» **Activity**:
Return exactly, please, the line that contains "Ivana Apartment Trogir Exterior photo" and every line after it through the end of the material that follows, leaving pictures aside.

» **Data excerpts**:
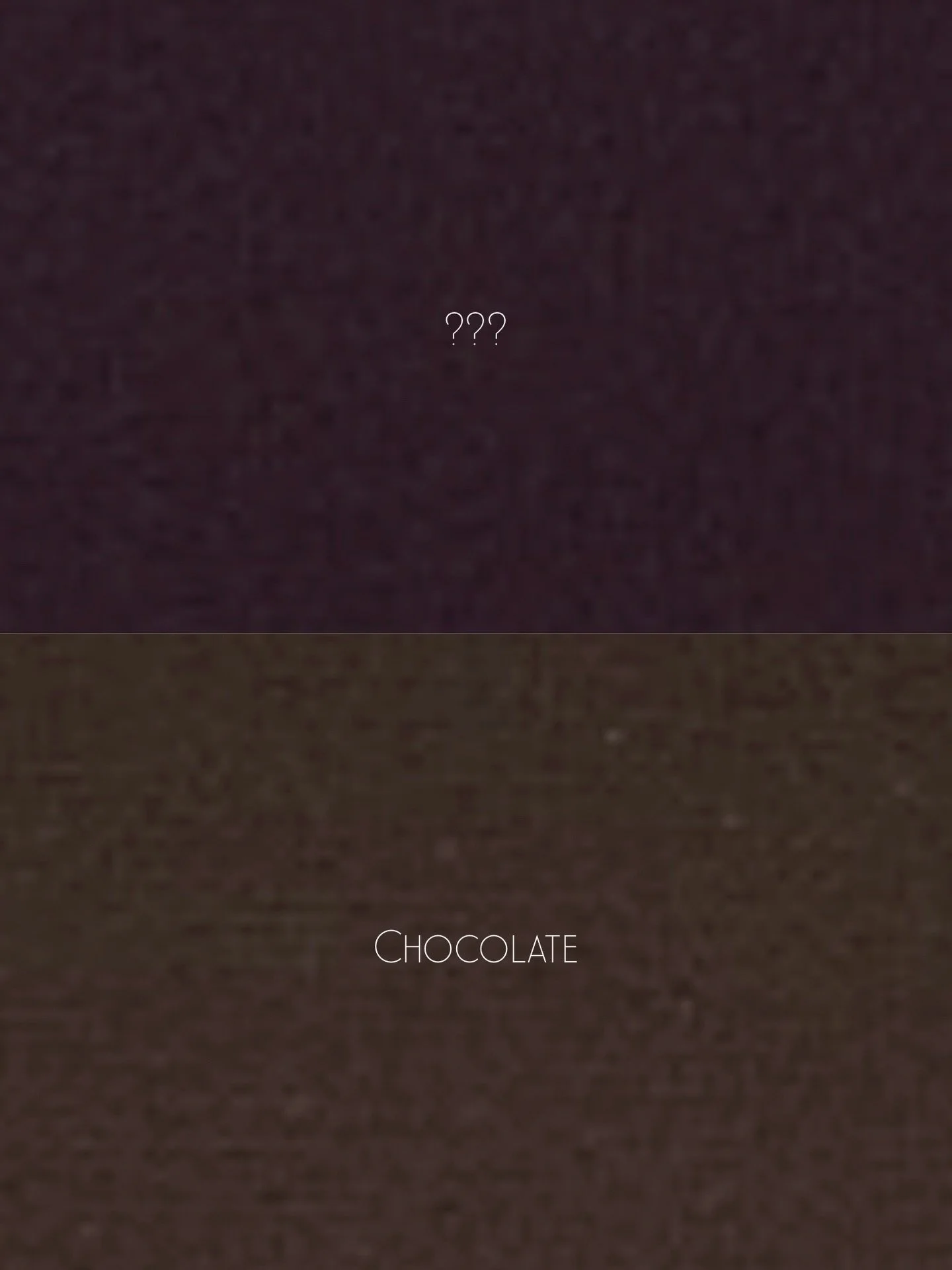 Suggestions ??? 

NEW COLOUR Coming soon but what will we call it?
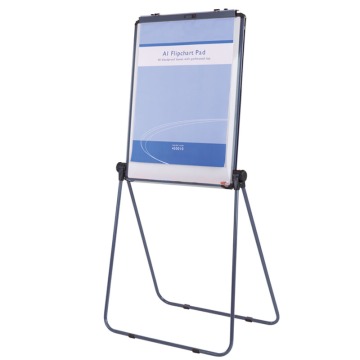 Premium Double Sided Magnetic Flip Chart Board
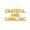 Gold, variant on Letter Balloons - GRATEFUL AND GOBBLING 16" Inch Alphabet Letters Foil Mylar Balloon Thanksgiving Party Banner (Blue)
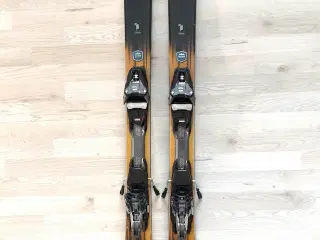 K2 Disruption 82Ti 23/24 Ski med MXCELL 12 TCx Qui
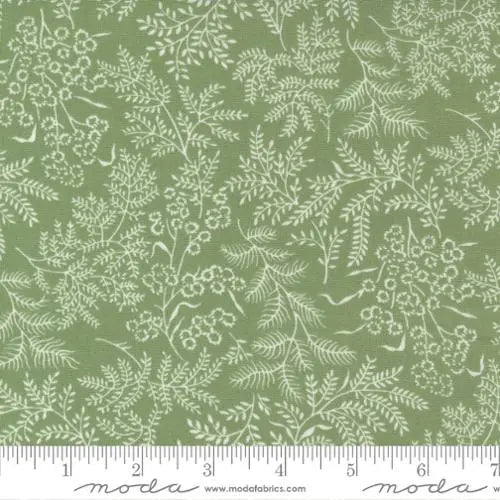 Nantucket Summer Grass Sconset Landscape Nature 44"/45" Fabric Per Yard Moda Fabrics & Supplies
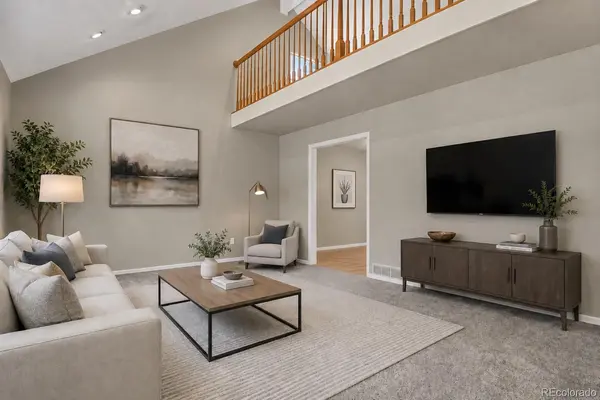 6525 White Falcon CT, Colorado Springs, CO 80919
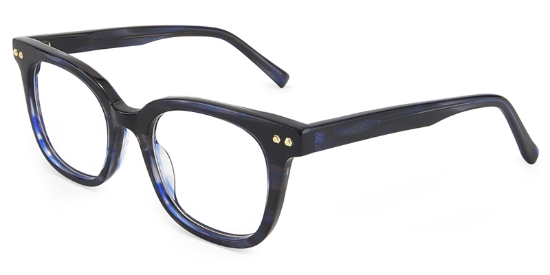Slip Glasses Tortoise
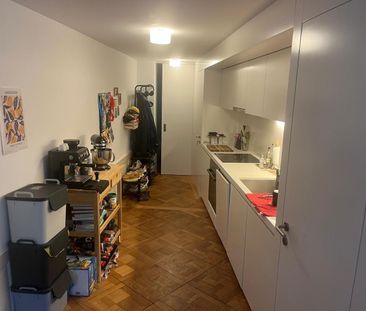 APPARTEMENT 3 PIÈCES À AARAU (AG), MEUBLÉ, TEMPORAIRE - Photo 4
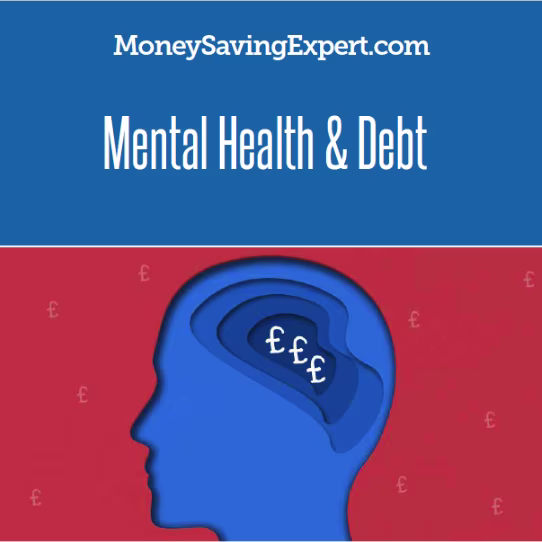 mental health and debt pdf guide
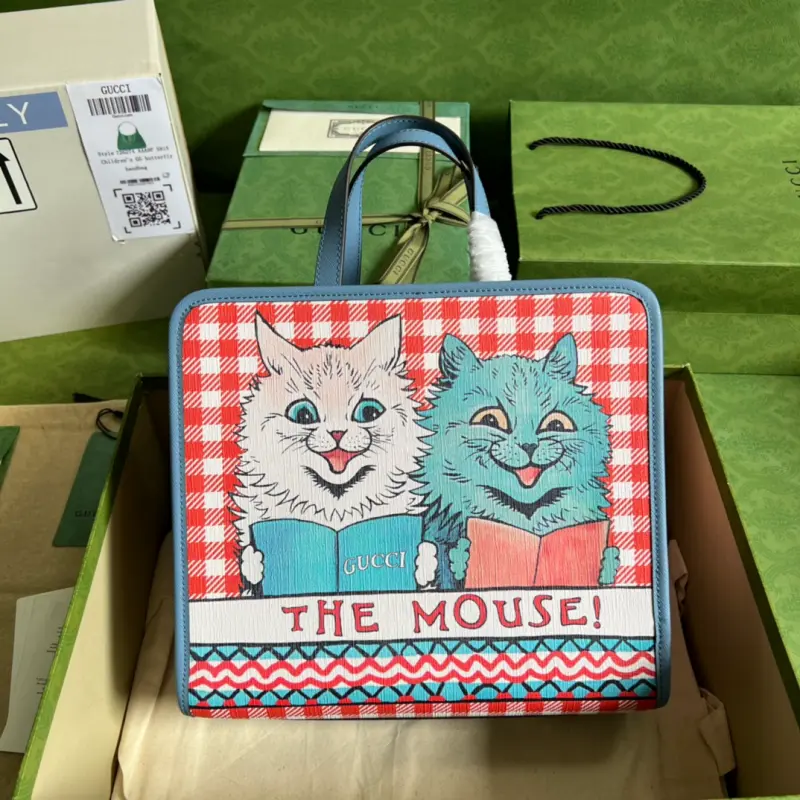 605614 High-Quality Bags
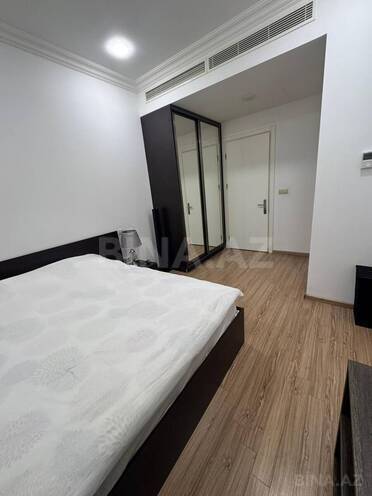 İcarəyə verilir 2 otaqlı yeni tikili 85 m², Səbail r., photo 6 from 11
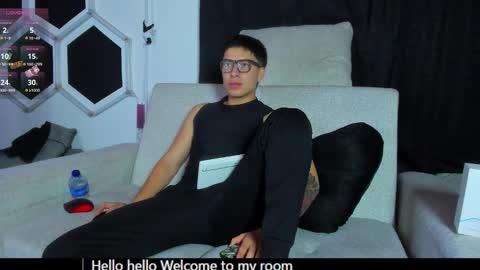leo_muller online show from 22, 10, 2025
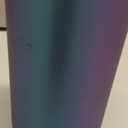 3 in 1 Slim Can Cooler for 12 OZ Skinny Can, Regular Can & Beer Bottle - Keep Cold for 6 Hours - Double Walled Insulated Stainless Steel Vacuum Beverage Insulator (Aurora)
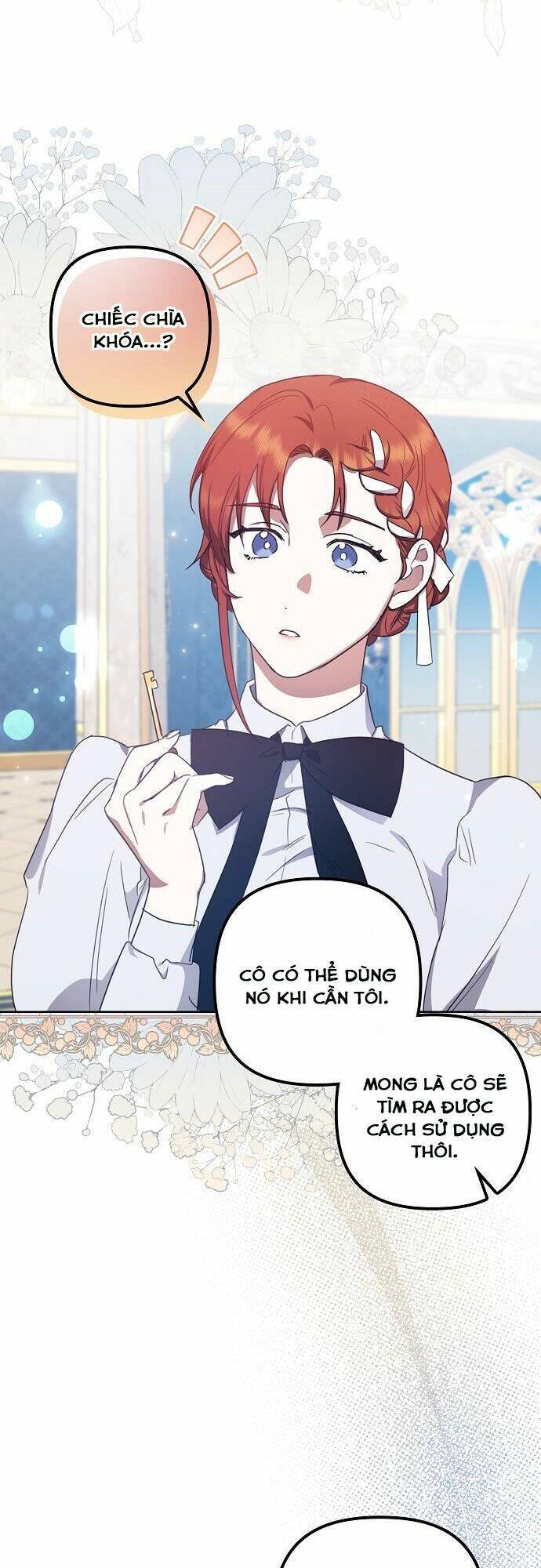 Cuộc Sống Độc Thân Giản Dị Của Quý Cô Bị Bỏ Rơi Chap 9 - Next Chap 10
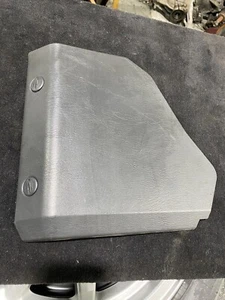 Mercedes W163 ML 400 CDI A1636880035 Abdeckung Verkleidung Sicherungskasten - Bild 1 von 5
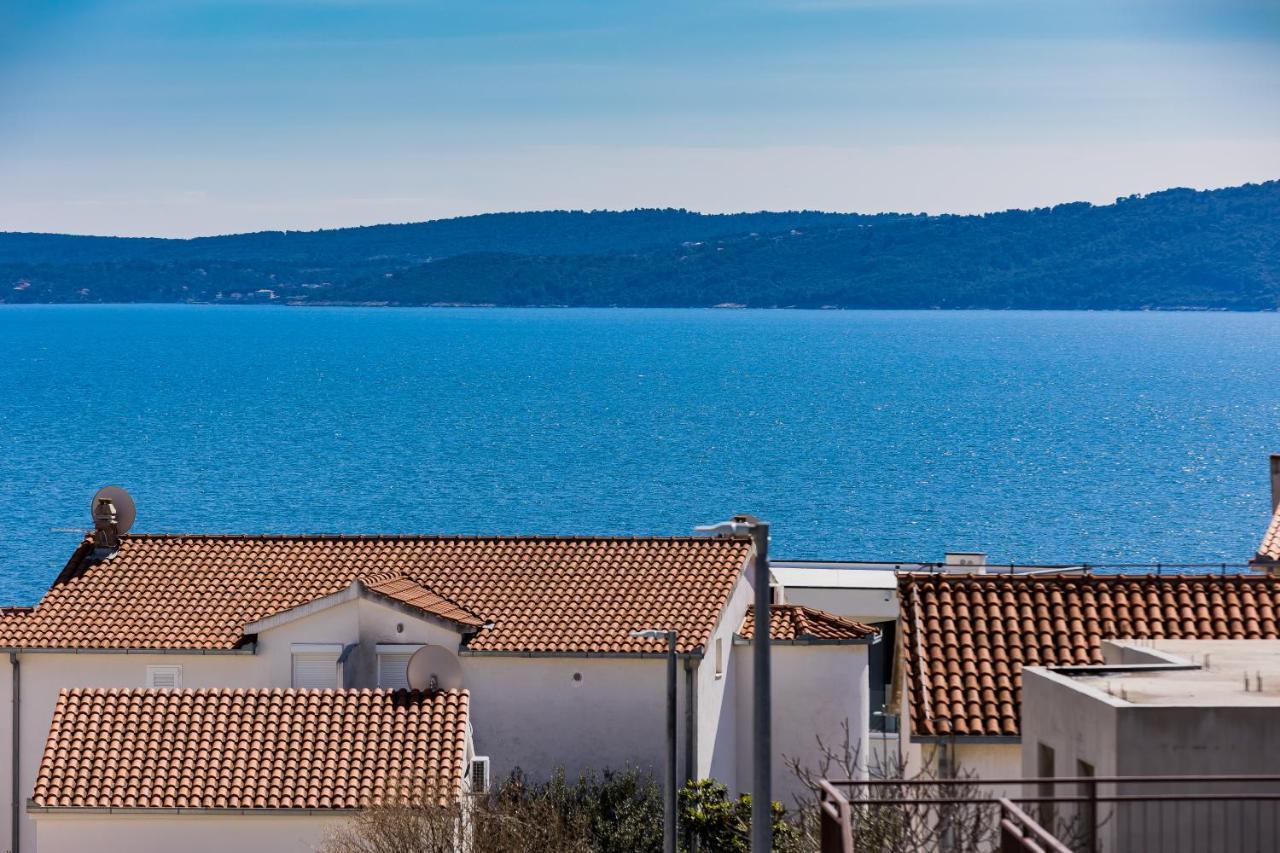 Ivana Apartment Trogir Exterior photo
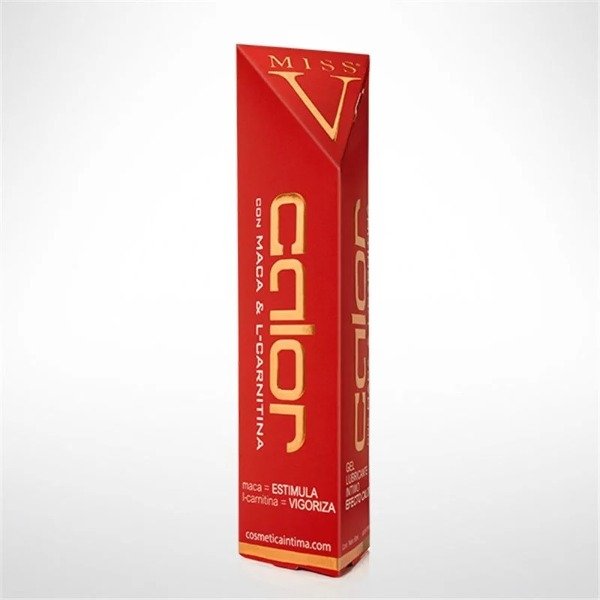 Producto - Miss V calor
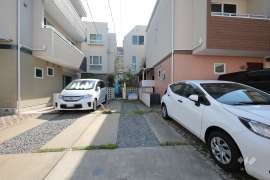 神戸市東灘区深江南町1丁目 一戸建て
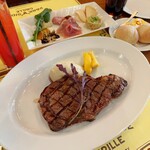 パーク・サイド・グリル - 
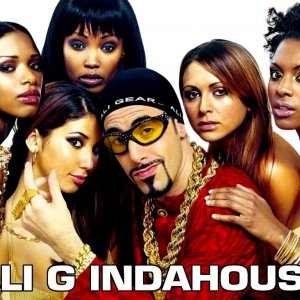 Wallpaper del film Ali G Indahouse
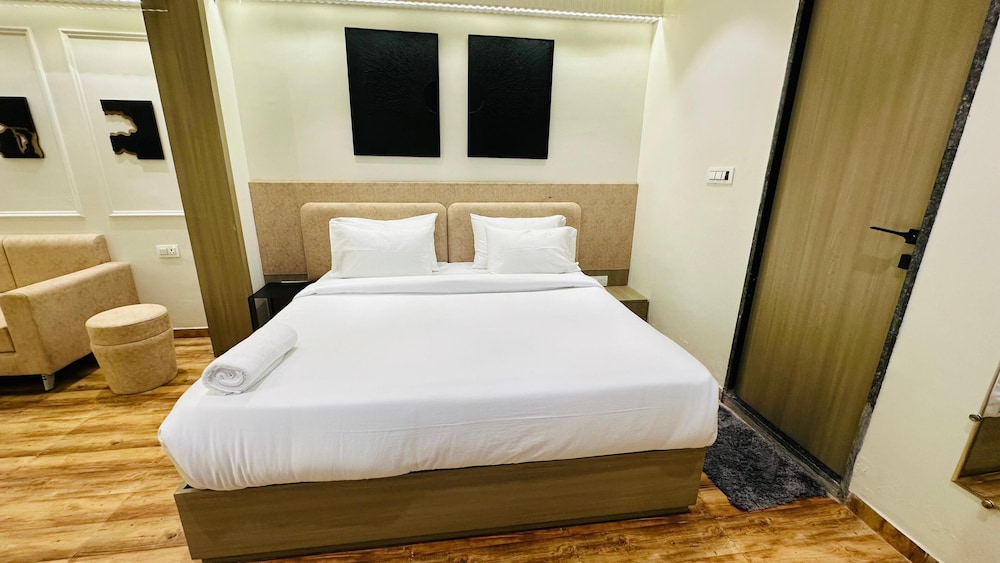 Luxury Studio Suite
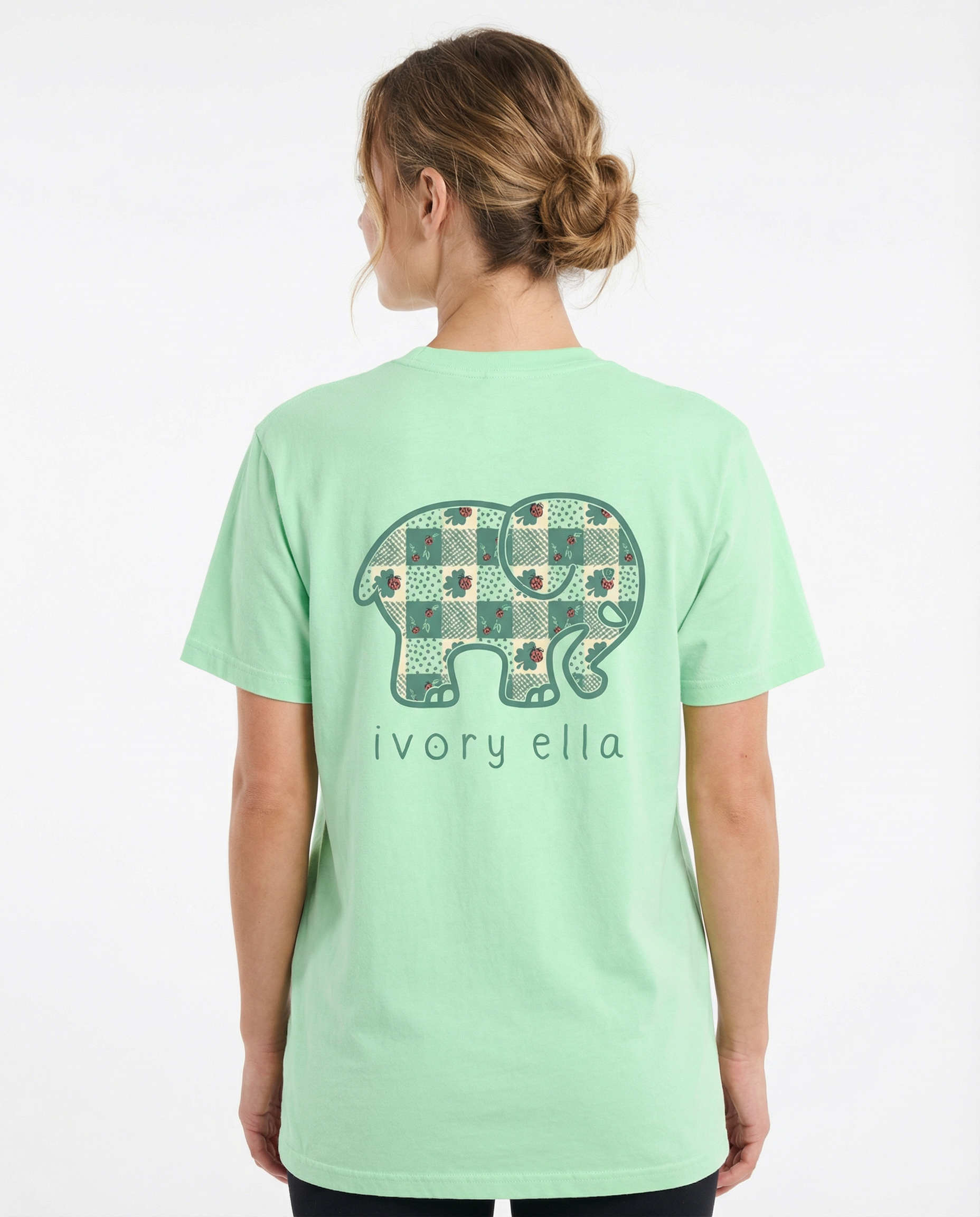 Lady Luck Unisex Heavyweight T-shirt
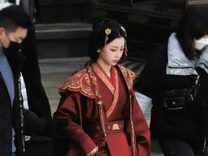 上升期的虞书欣会是郭敬明口碑翻转的胜负手吗？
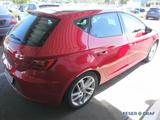 Seat Leon FR 2.0TSI DSG LED ACC PDC Navigationssystem - Seat Leon: Dsg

» **Response to this task**:
 Ivana Apartment Trogir Exterior photo
 Producto - Miss V calor
 神戸市東灘区深江南町1丁目 一戸建て
 パーク・サイド・グリル - 
 Wallpaper del film Ali G Indahouse
 Luxury Studio Suite
 Lady Luck Unisex Heavyweight T-shirt
 上升期的虞书欣会是郭敬明口碑翻转的胜负手吗？
 Seat Leon FR 2.0TSI DSG LED ACC PDC Navigationssystem - Seat Leon: Dsg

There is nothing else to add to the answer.